Oleh Musyafak Timur Banua
(KoranOpini.com 28 Maret 2011)
(KoranOpini.com 28 Maret 2011)
Isyarat kebangkrutan masyarakat penjara kembali terbeber dan menohok mata publik. Terendusnya sindikat narkotika internasional di Lembaga Pemasyarakatan (LP) Nusakambangan menguakkan kembali ingatan publik tentang kebobrokan penjara di Indonesia. Ya, penjara seolah tidak henti memanggungkan ironi. Tempat yang mustinya menjadi ruang pembersihan diri bagi orang-orang terhukum justru menjadi lahan subur persemaian praktik-praktik korupsi dan amoral yang mengancam keadaban bangsa.Praktik-praktik penyimpangan moral dan hukum di LP tentu bukan hal baru. Ahmad Taufik dalam buku Penjara: The Untold Stories (2010) membeberkan citra penjara yang sejatinya penuh bercak dan borok. Buku kesaksian itu mendedahkan fakta-fakta penjara yang sarat dengan laku kriminal semisal transaksi narkoba, juga perilaku-perilaku asusila seperti transaksi seksual dan sodomi sesama jenis. Riwayat hitam penjara lainnya adalah cerita-cerita tentang kekejaman dan kekerasan, sering terbetik kabar narapidana dianiaya oleh sipir maupun sesama narapidana lain.

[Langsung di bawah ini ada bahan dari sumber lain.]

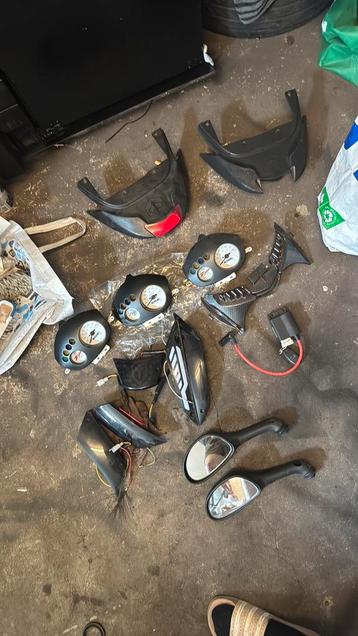 piaggio zip onderdelen beschikbaar voor biedingen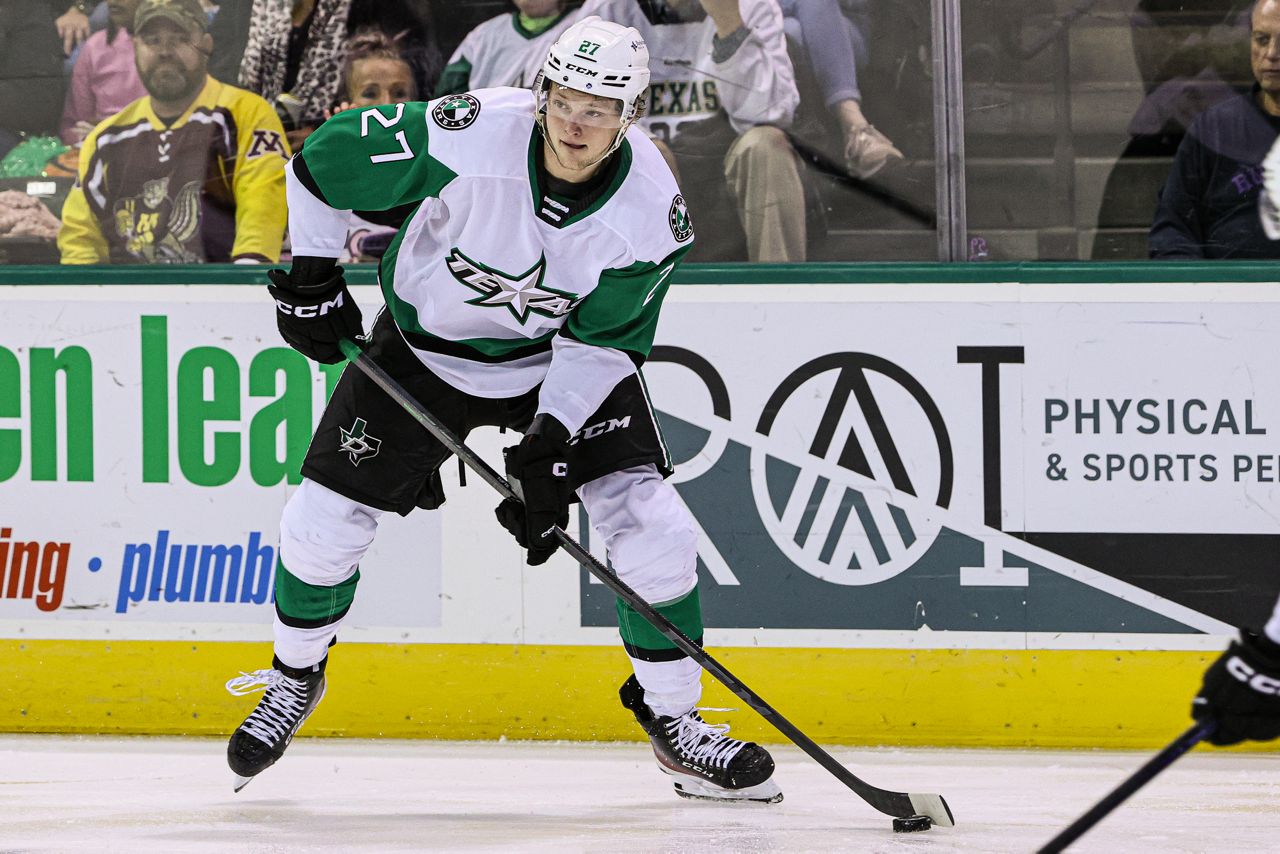 Prohockey player balances diabetes on the ice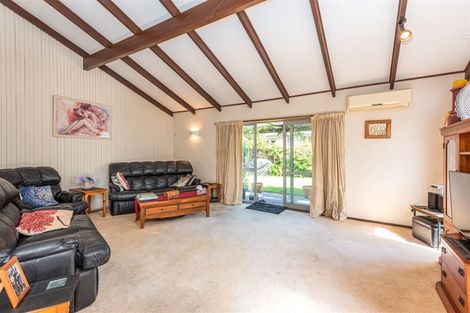 Photo of property in 2/25 Avonhead Road, Avonhead, Christchurch, 8042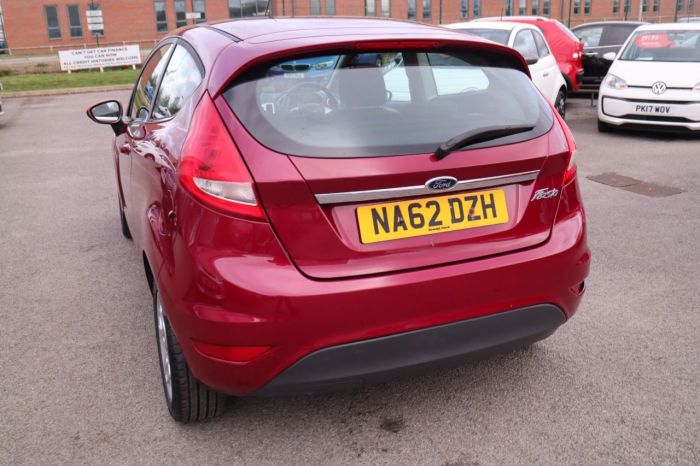 Ford Fiesta 1.2 ZETEC 3d 81 BHP Hatchback Petrol RED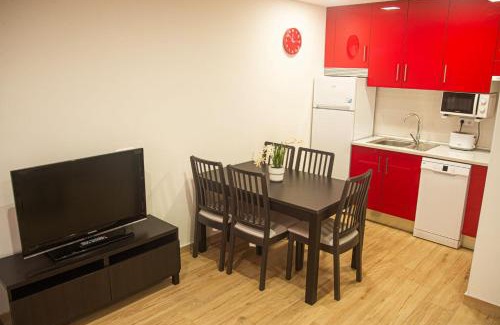 Alcala de Henares Apartment | Centro Histórico Parking con NRU y licencia turística VT-13960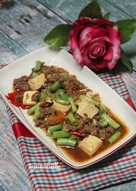 Semur pedas daging cincang buncis tahu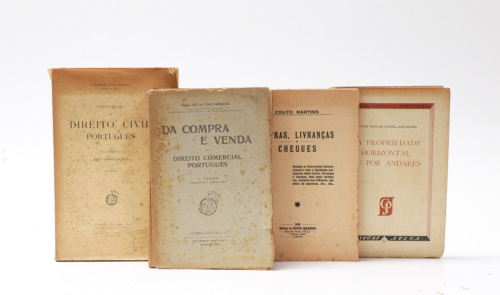 Lote 214 - DIREITO - 4 livros de Direito do Luiz da Cunha Gonçalves & Outros (em brochura), "Da Propriedade Horizontal ou por Andares", Colecção Jurídica Portuguesa nº 6 & 2, "Da Compra e da Venda no Direito Comercial Português" de Luiz da Cunha Gonçalves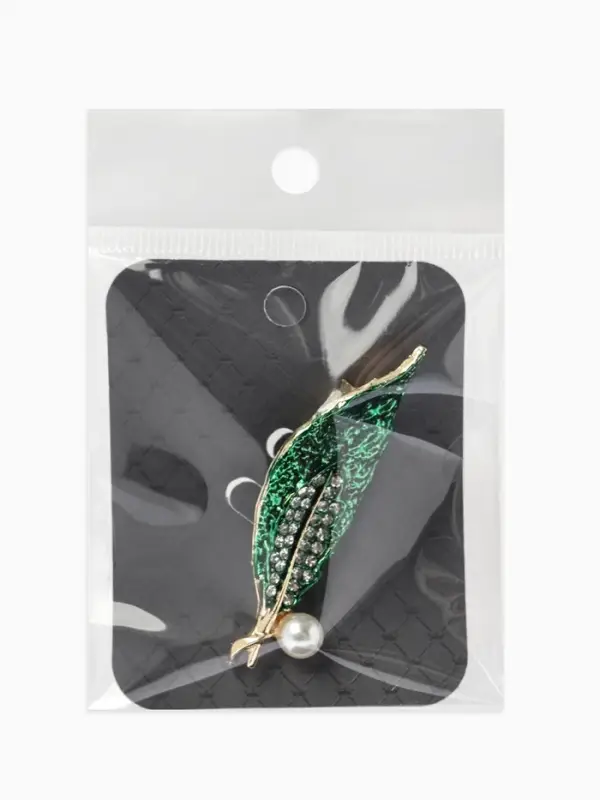 Брошь &laquo;Лист&raquo; жемчуг, стразы, цвет зелёный в золоте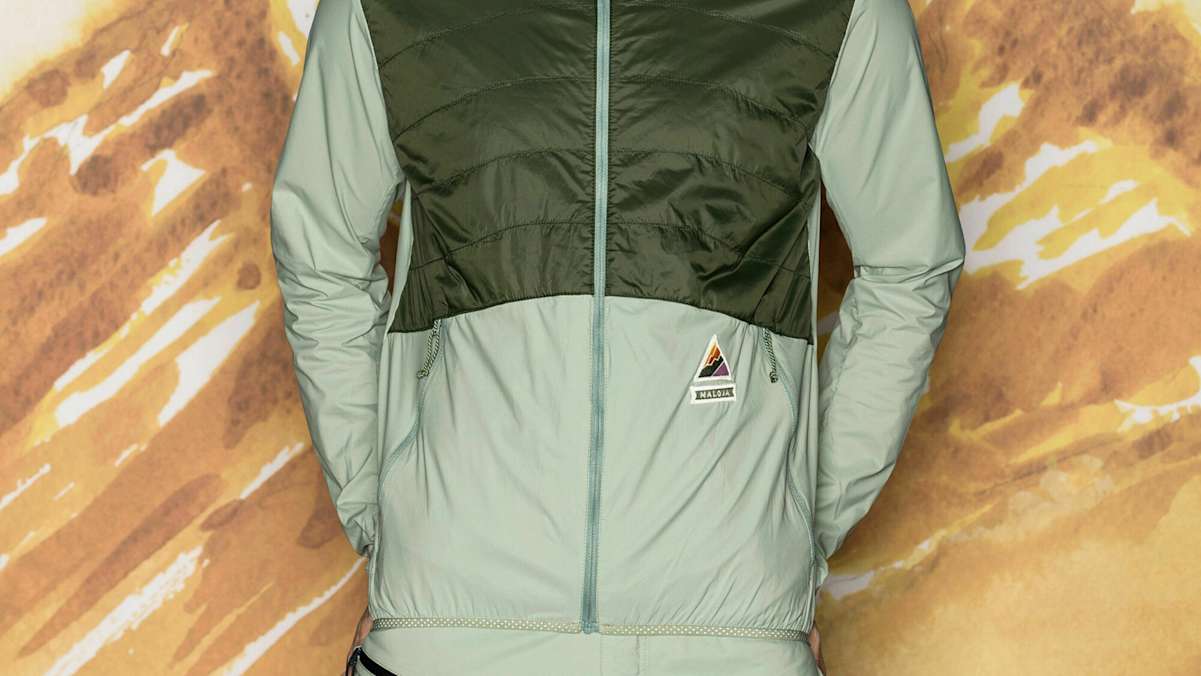 Bekleidung: E-Biker ziehen sich wärmer an. Kleidung von Maloja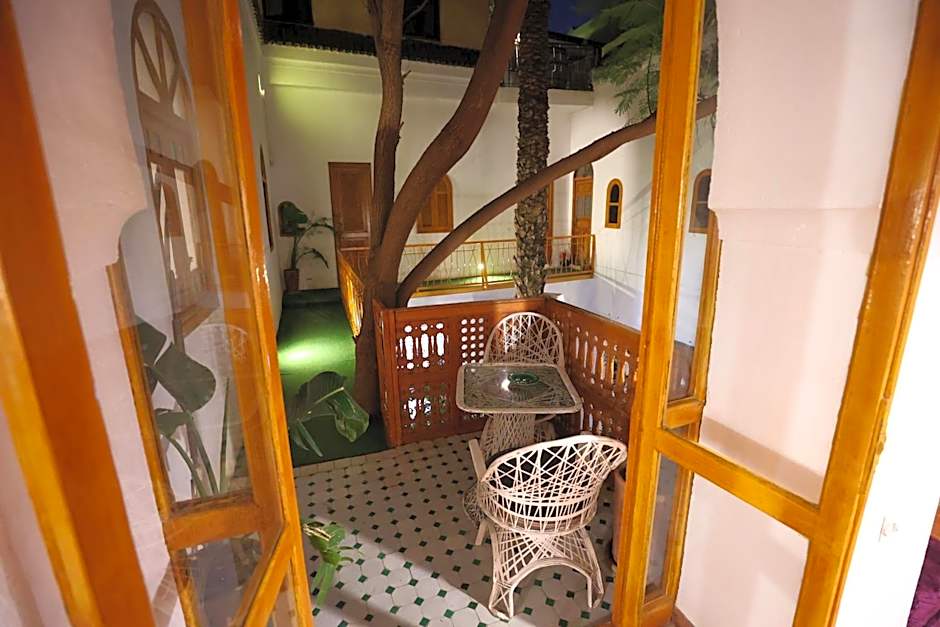 Riad O LY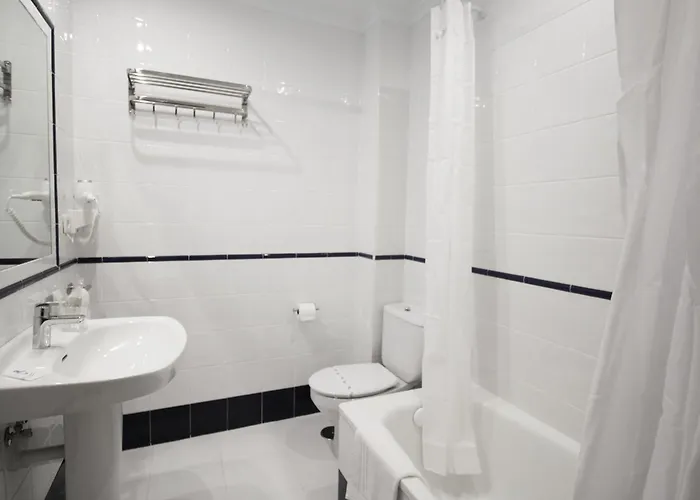 De Adarzo Auto Check Guest house Santander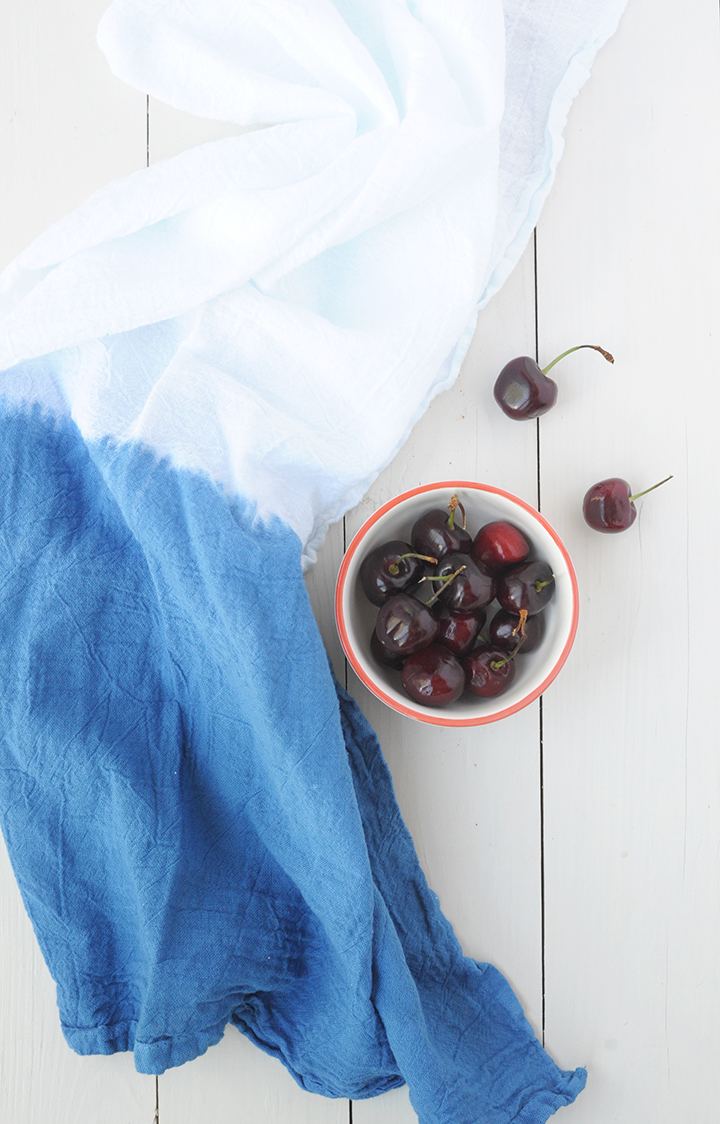 Make these DIY indigo dip dyed dish towels  /  Alice & Lois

Taufik juga menggambarkan bahwa masyarakat penjara tidak kalis korupsi. Sebagian narapidana rutin membagi-bagi amplop kepada para sipir untuk menebus keinginannya, termasuk keluar-masuk penjara tanpa diperkarakan oleh sanksi. Misalnya kasus pelarian Edi Tansil dari LP Cipinang (1996) yang melibatkan oknum pegawai penjara, “penyulapan” sel menjadi kamar mewah layaknya hotel di Rutan Pondok Bambu oleh Artalyta Suryani (2010)—beberapa waktu lalu Gayus HP Tambunan juga bebas keluar dari Mako Brimob Kelapa Dua untuk plesiran ke Bali hingga ke luar negeri.
Kebangkrutan Manusia
Penjara memiliki pertalian erat dengan manusia, sebagai fragmen kehidupan yang darinya bisa dilacak pergolakan kemanusiaan di tiap-tiap zamannya. Penjara bukan sekadar deretan sel-sel kokoh sebagai tempat pembalasan kesalahan manusia-manusia di dalam negara-bangsa bertata hukum. Penjara juga tidak sekadar dimaknakan sebagai instrumen yang menjerakan manusia yang telah melanggar tata hukum. Tetapi penjara sekaligus menjadi “ruang belakang” bagi penegakan hukum dan keadilan setelah lembaga-lembaga hukum dan peradilan.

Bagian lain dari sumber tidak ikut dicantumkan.